All the news for the upcoming trading day.
1. JPY surges to 3-week high as Japan stimulus underwhelms
The yen surged to a more than three-week high against the dollar on Tuesday, as investors were disappointed by details of Japanese Prime Minister Shinzo Abe’s fresh stimulus package.
The package includes 13.5 trillion yen in fiscal measures, while actual new, direct spending will total about 7.5 trillion yen, most of it over the next two years.
While the headline figure for the package totals 28.1 trillion yen, it includes public-private partnerships and other amounts that are not direct government outlays and thus may not give an immediate boost to growth, according to market analysts.
The dollar hit lows of 101.47 against the yen, the weakest since July 11 and was last at 101.68 by 09:55GMT, down 0.7% on the day.
2. Oil edges up but remains in bear market territory
Oil prices edged higher on Tuesday, but remained in bear market territory amid signs of increasing production in the U.S. and rising output among members of the Organization of the Petroleum Exporting Countries.
U.S. crude was up 32 cents, or 0.8%, to $40.38 a barrel during morning hours in New York, while Brent tacked on 41 cents, or 0.97%, to $42.55 a barrel.
Crude futures are more than 20% below their 2016 highs above $50 a barrel scaled in early June, technically placing it in bear market territory, as signs of an ongoing recovery in U.S. drilling activity combined with elevated stocks of fuel products weighed.
3. Global stocks trade lower as sentiment wanes
U.S. stock index futures pointed to a weaker open on Tuesday morning, as investors looked ahead to a fresh batch of corporate earnings reports and U.S. economic data, while keeping an eye on oil prices.
Meanwhile, European stocks were lower in mid-morning trade Tuesday, dragged down by banking shares as worries about the health of the region\'s lenders continued to weigh on sentiment.
Earlier, Asian shares slipped on Tuesday, taking their cues from a modestly lower day on Wall Street.
4. Credit Suisse, Deutsche Bank to be dropped from Euro STOXX 50 index
Swiss lender Credit Suisse Group AG and German banking giant Deutsche Bank AG will be dropped from an index of Europe\'s top 50 blue-chip companies next week in a further blow to the embattled sector.
For Deutsche Bank, it will be the first time since 1998 that it will no longer be a member of the STOXX 50.

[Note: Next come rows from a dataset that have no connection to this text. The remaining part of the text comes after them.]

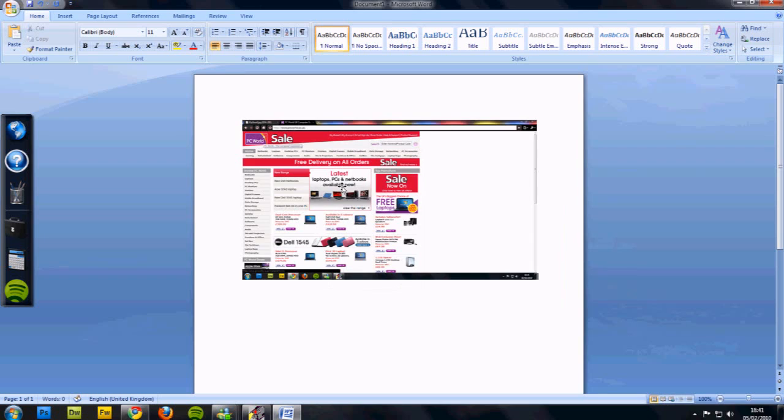Paste it and there it is. That's your screen right there. That is your screen.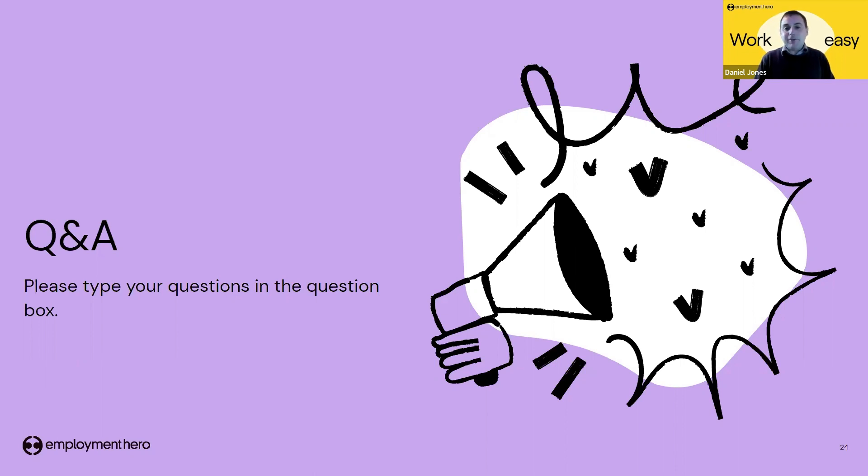Another question: will attendees be given a copy of these slides at the end? Yes, we'll send those out along with answers to any questions we haven't addressed today.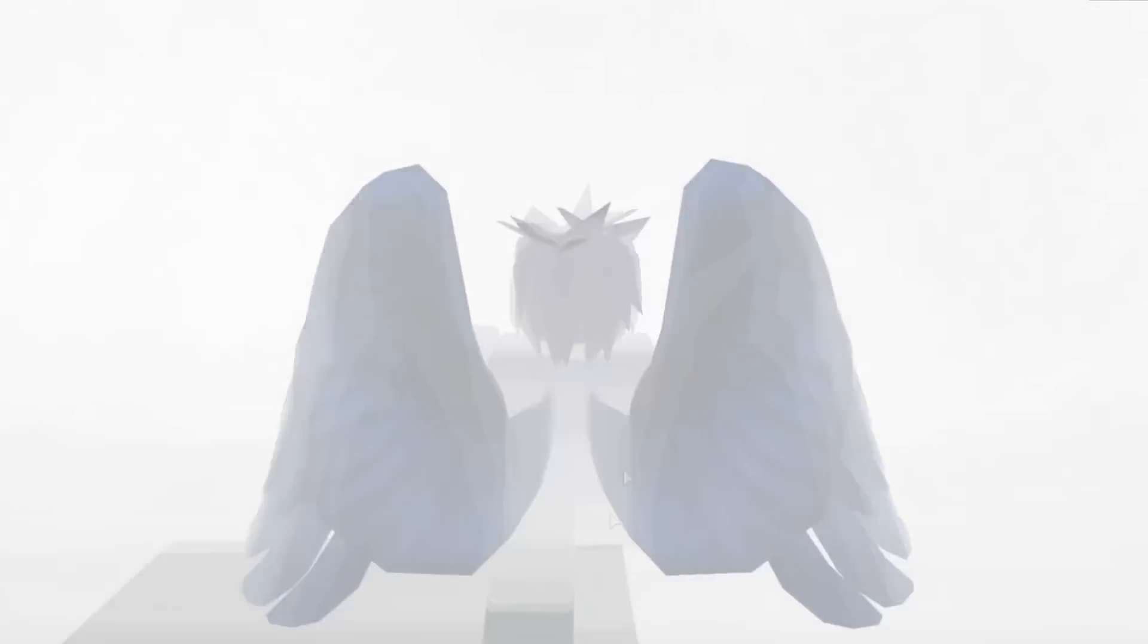Welcome back to part 3 of Scary and Creepy Roblox Games. Right now, I'm on the most requested game I've ever gotten for the series.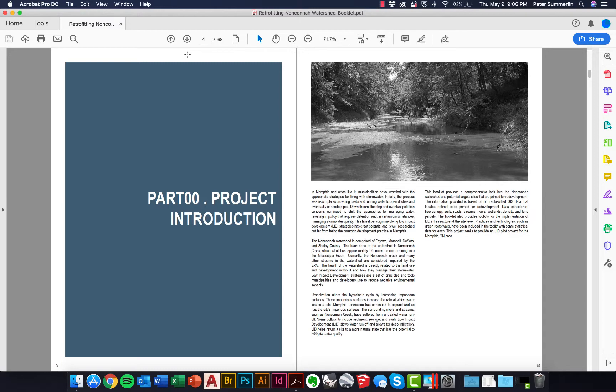Adjusting the initial view properties allows us to view this by default when we open up the PDF.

Shares of both were firmly in the red on Tuesday, with Credit Suisse down more than 6% in Switzerland and Deutsche off 3.5% in Frankfurt.
5. RBA cuts cash rate to record low
The Reserve Bank of Australia cut its benchmark interest rate by a quarter percentage point to an all-time low of 1.50%, responding to record-low inflation and a slowing jobs market.
In his policy statement, RBA Governor Glenn Stevens said the global economy was growing at a lower-than-average pace, with conditions becoming more difficult for several emerging market economies.
The Australian dollar fell to as low as $0.7492 after the RBA decision. It later recovered to around $0.7573, amid speculation the central bank was done with its current easing cycle.